Favorite Fictional Characters, #208: Stuart McKenzie


So I Married an Axe Murderer is a hidden gem, one of those early-90s vheicles for a Saturday Night Live alum that actually worked. Coming off his Wayne's World success, Mike Myers played it straight for one of the few times in his career. Not a crazy caricature, his Charlie MacKenzie is a regular guy, a very funny but essentially normal San Francisco beat poet who winds up in an amusing little romance with a woman with a checkered past. All of her previous husbands have died, and the film makes us believe it was Harriet herself, a black widow murdering her lovers, which is sufficiently scary to terrify timid little Charlie. Of course it all works out. But this, to me, is all backdrop, and while enjoyable, isn't the best part of the movie. The best part is Charlie's dad, Stuart MacKenzie.


Often times, actors playing multiple parts in a film comes off as a stunt, and often a poor one - think Eddie Murphy, or even Myers' later indulgences with his Austin Powers franchise. But here, Myers is in perfect form as his own father, buried beneath jowly makeup and coke-bottle glasses, bellowing in a thick mockery of a Scottish accent, stomping about a wedding in full regalia or the house in his boxer shorts. Stuart is a blunt instrument of a man, coarse and vulgar, fiercely proud of his Scottish heritage and existing in a strange world of conspiracy theories informed by his wife's worship of the Weekly World News. Irascible and hilariously cruel, especially to Charlie's massive-skulled younger brother, Stuart remains sentimental and loving, and welcomes Harriet into the family with open arms.

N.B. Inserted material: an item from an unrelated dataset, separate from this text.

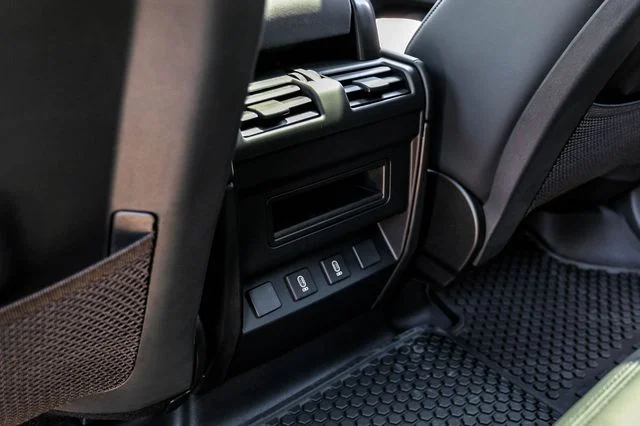 New 2026 Santorini Black Land Rover X-Dynamic SE image 44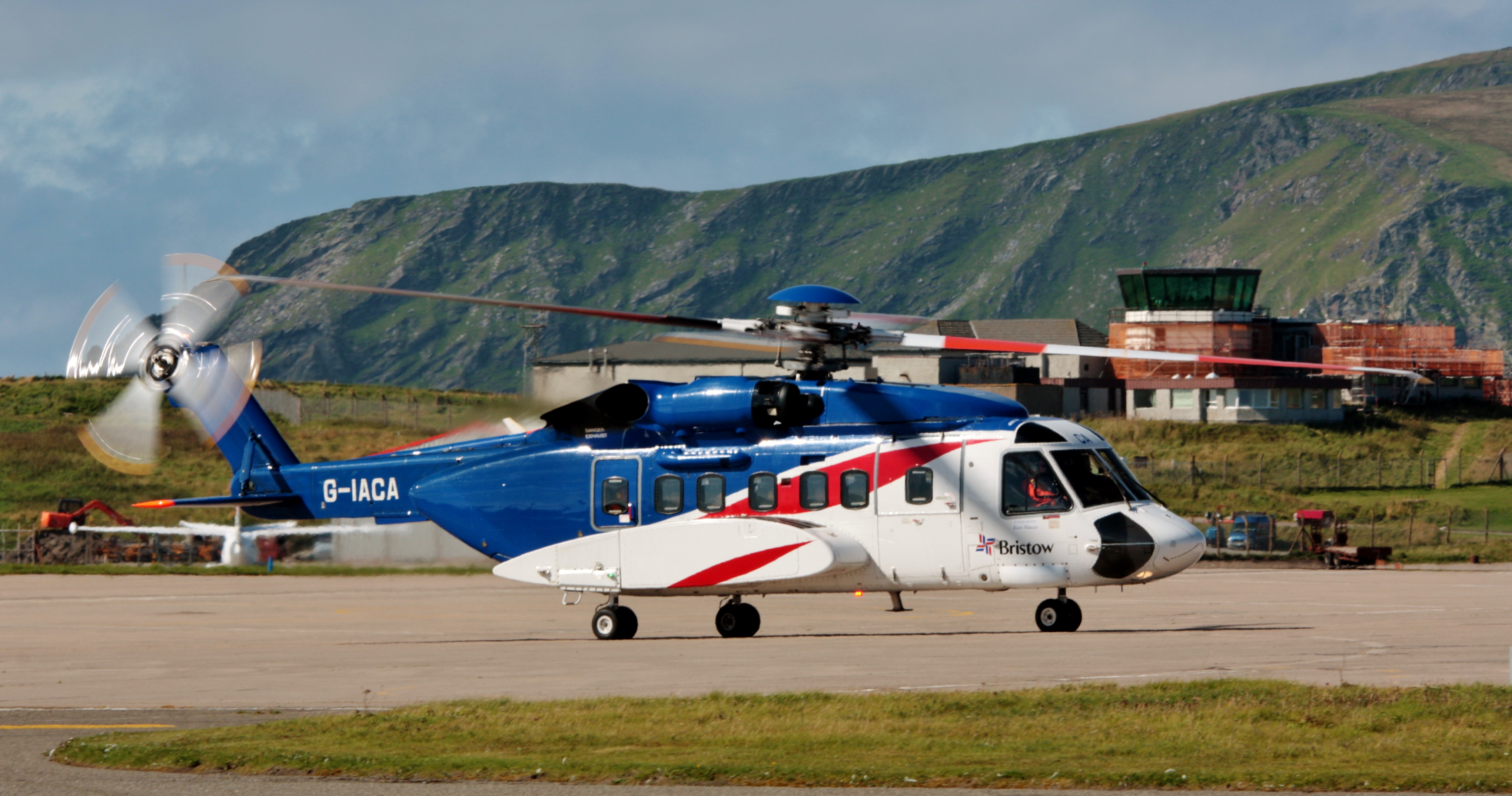 bristow-helicopter-lands-after-on-board-emergency-the-shetland-times-ltd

Myers doesn't spend much time on screen as Stuart, but those scenes aren't just the funniest in the film, they're some of the funniest in any movie. Who can forget his rendition of "If You Think I'm Sexy" at Charlie's wedding, accompanied by the bagpipes? (A rendition so exhausting that it ends with a piper down. It was all right, though, he was just pissed.) And Stuart's endless stream of insults directed at the size of his younger son's head are side-splitting. The very fact that Stuart refers to the child as "Head" is worth it alone. "It's like Sputnik - round yet pointy in parts."


Now go to bed and cry yourself to sleep on your giant pillow. But first have some Kentucky Fried Chicken. The Colonel puts in a secret ingredient that makes you crave it fortnightly.